Standardized submission agreement & data use agreement (CC-0)

  • Maximum size of individual dataset files and datasets
  • Maximum size of individual campus collections
  • No price model necessary since storage paid for by UNM

Application features

  • Branding
    • URL: oneshare.cdlib.org
    • DataONE logo in all headers (ingest and XTF).
    • “Contact us” in all footers goes to UC3 email only (not DataONE)
    • Attribution in all footers, e.g., “DataONE Dash is a collaborative project of the DataONE project, University of New Mexico, and UC3”.
    • DataONE-specific text for About and FAQ pages.
  • Contribution/Submission
    • OAuth-based authentication with Google credentials, supported in the Ruby/Rails application using the OmniAuth gem.
    • File browse and drag-and-drop dataset selection, subject to maximum dataset and file size limits.
    • Metadata entry form, with tooltip for each element:
      • Title
      • Data type - pick list
      • Author (repeatable)
      • Keywords (3 required + repeatable)
      • Abstract
      • Methods
      • Link (repeatable): identifier + identifier type (pick list) + description (pick list)
      • Identifier
      • Funder
      • Grant number
    • Auto-filled fields in metadata:
      • Date - YYYY
      • Institution - ONEShare
      • Rights - CC-0
      • Rights URI - http://creativecommons.org/publicdomain/zero/1.0/
      • Opportunity to review metadata and add/delete files prior to submission.
    • Automated packaging and submission to the Merritt ONEShare collection.
      • Creation of equivalent DataCite and Dublin Core metadata files, see the crosswalk
      • Creation of the DataONE manifest file. There will be a pair of lines (one for “mrt-datacite.xml” and one for “mrt-dc.xml”) for each data file in the submission.

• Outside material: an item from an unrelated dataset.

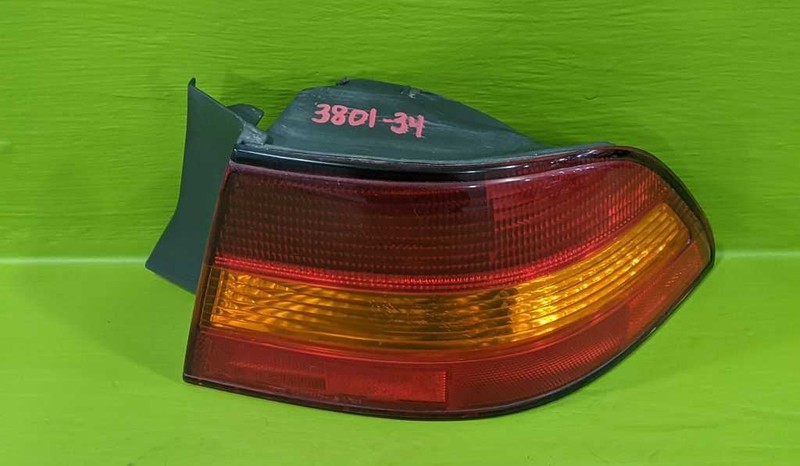97 98 99 ES300 PASSENGER RIGHT QUARTER TAILLIGHT LAMP OEM 3801-34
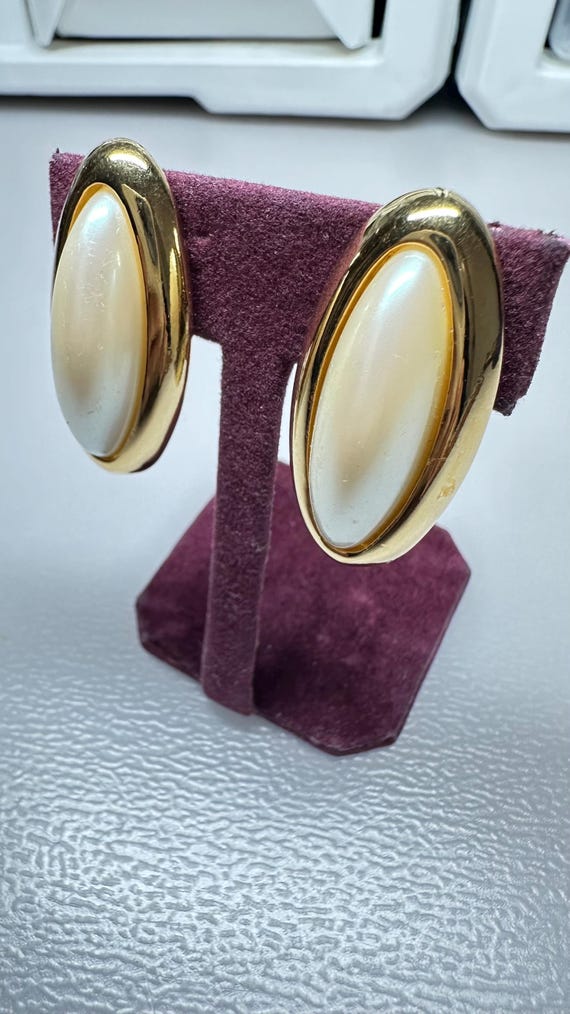 Richelieu Faux Pearl Clip-on Earrings - image 2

          <code>#%dataonem_0.1
          #%profile | http://uc3.cdlib.org/registry/ingest/manifest/mrt-dataone-manifest
          #%prefix | dom: | http://uc3.cdlib.org/ontology/dataonem#
          #%prefix | mrt: | http://uc3.cdlib.org/ontology/mom#
          #%fields | dom:scienceMetadataFile | dom:scienceMetadataFormat | dom:scienceDataFile | mrt:mimeType
          mrt-datacite.xml | http://schema.datacite.org/meta/kernel-3/metadata.xsd | <u>file</u> | text/xml
          mrt-dc.txt | http://dublincore.org/schemas/xmls/qdc/2008/02/11/qualifieddc.xsd | <u>file</u> | text/xml
          ...
          #%eof</code>
        
  • Discovery: Faceted XTF search and browse, with faceting of all DataCite metadata elements.
  • Miscellaneous
    • Pages for “About”, “Terms of service”, “FAQ”, “Policies” in all footers.
    • “Contact Us” page

Configuration

  • OAuth-based authentication with Google credentials, supported in the Ruby/Rails application with the OmniAuth gem.
  • Merritt ONEShare user role account.
  • Public Merritt ONEShare collection (already existing).
  • Submission profile for the ONEShare collection, using the VM-based storage service (uc3-mrt-store.cdlib.org) to deposit data in the UNM storage node with assigned DOIs and register with the Merritt member node. [Work with Mark to modify the existing DataUp profile]
  • EZID DOI minter for ONEShare. DataONE will become an EZID member.
  • Maximum size of individual campus collections.

Operations

  • Cron job for Python harvesting script.
  • Groundwork/Nagios monitors.
  • Weekly report of the total and incremental number and size of datasets by campus/Merritt collection, mailed to designated campus contacts.